C'est le début de la journée pour certains, mais la fin de la mienne pour moi. Du moins, de ma pseudo-vie.

Dans quelques heures, j'ai rendez-vous dans mon agence d'emploi. Ma conseillère est d'ailleurs une des personnes que j'ai envie d'étriper depuis maintenant un sacré bout de temps, mais je me retiens me disant que ce sera meilleur au fil des jours.

La patience est une vertu ! me susurre Azraël.

C'est vrai, un accident est si vite arrivé. Un sourire sadique s'étire sur mon visage fin, rien qu'en y pensant.
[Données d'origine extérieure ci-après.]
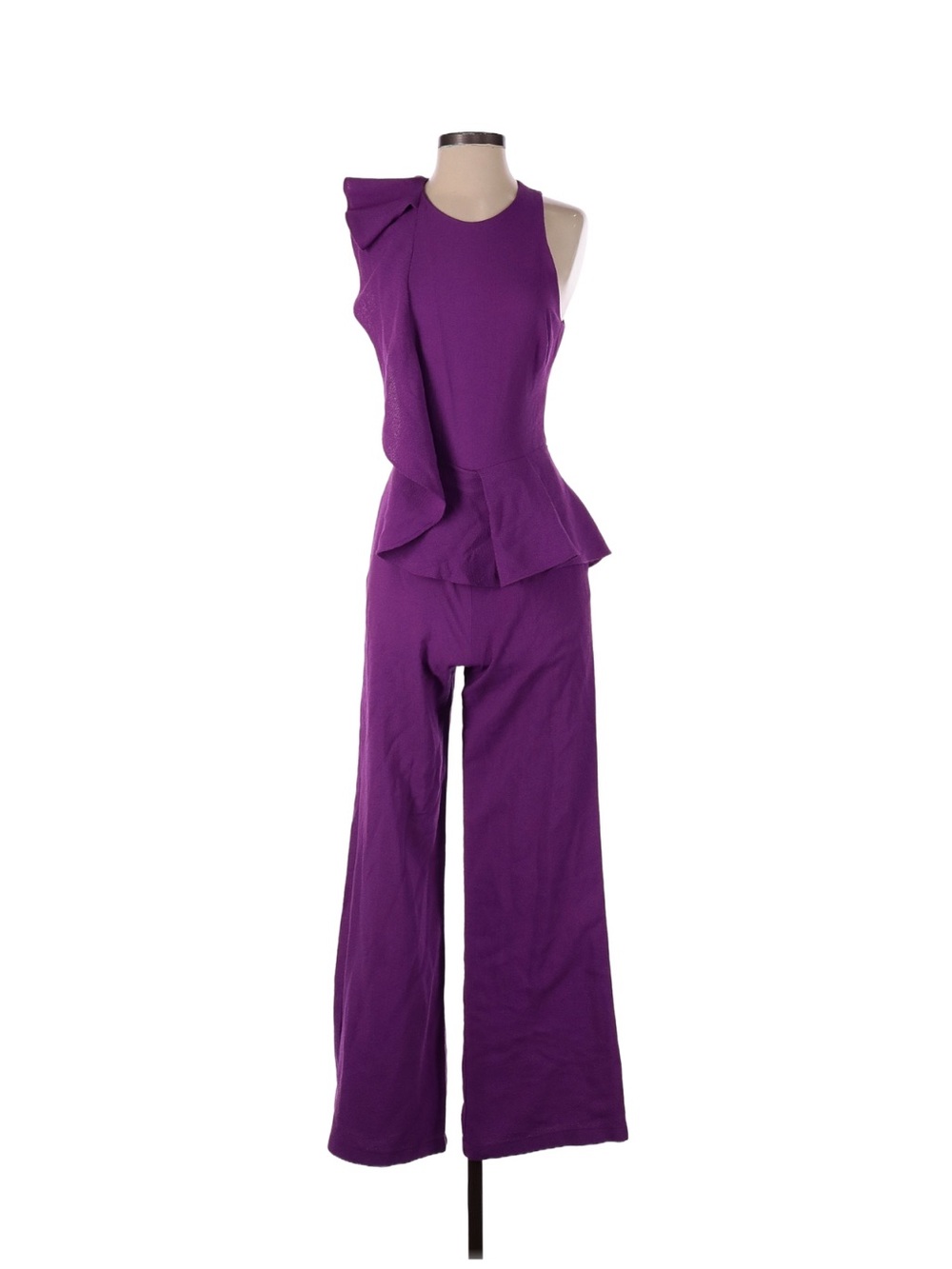Purple Sleeveless Peplum Jumpsuit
 Tu as des choses plus importantes à régler avant tout, ne te détournes pas du droit chemin, cela pourrait mettre à mal notre accord, ma chère.
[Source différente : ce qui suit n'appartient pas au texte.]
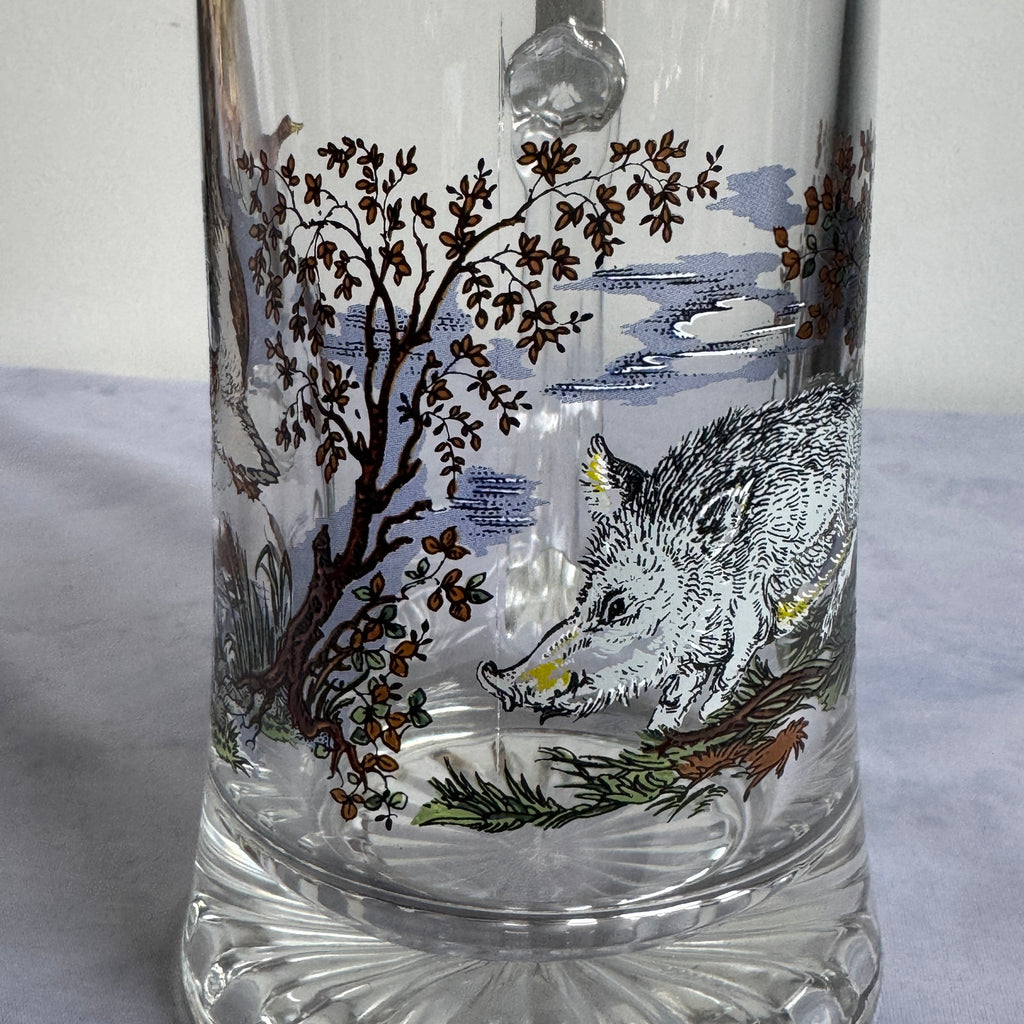 Vintage BMF German Beer Stein with Wild Boar & Duck Hunting Scene – 0.5L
Je le sais que trop bien...

– Tu sais que je n'apprécie pas ce genre de chantage, Az ? Je t'ai déjà fait comprendre un nombre incalculable de fois que je donnerais mon âme pour toi.

Tu exagères...

– Tu m'as sauvé au moment où j'en avais le plus besoin. Pour moi, je te dois tout. Quitte à tout perdre, j'aurais pu grâce à toi, vivre comme bon me semblais la vie que je rêvais de vivre.

J'en serais presque ému.

 Sauf que tu ne peux pas ressentir les émotions.

– Tu te fourvoies, ma chère, mais tu as aussi raison. Les êtres de mon monde ont des émotions bien plus différentes que les humains.

 Comment ça ?

Vous, vous agissez selon vos instincts primaires. Votre animalité prend le dessus sur la raison. Les démons, les anges et tout le reste, nous répondons à une éthique.

– Tu sous-entends par là que nous n'avons pas d'éthique ?

 Je n'ai jamais dit ça. Votre problème, c'est que vous en avez une, mais vous ne l'appliquez pas. Ou parfois pas comme il le faudrait.

– C'est exact. C'est justement pour ça que nous nous sommes rencontré, pas vrai ?

J'ai entendu ta détresse. Un ange de la mort ne peut pas toujours agir seul. Une aide humaine est donc la bienvenue. Tu étais la personne dont j'avais besoin.

– Et tu étais celui dont j'avais profondément besoin.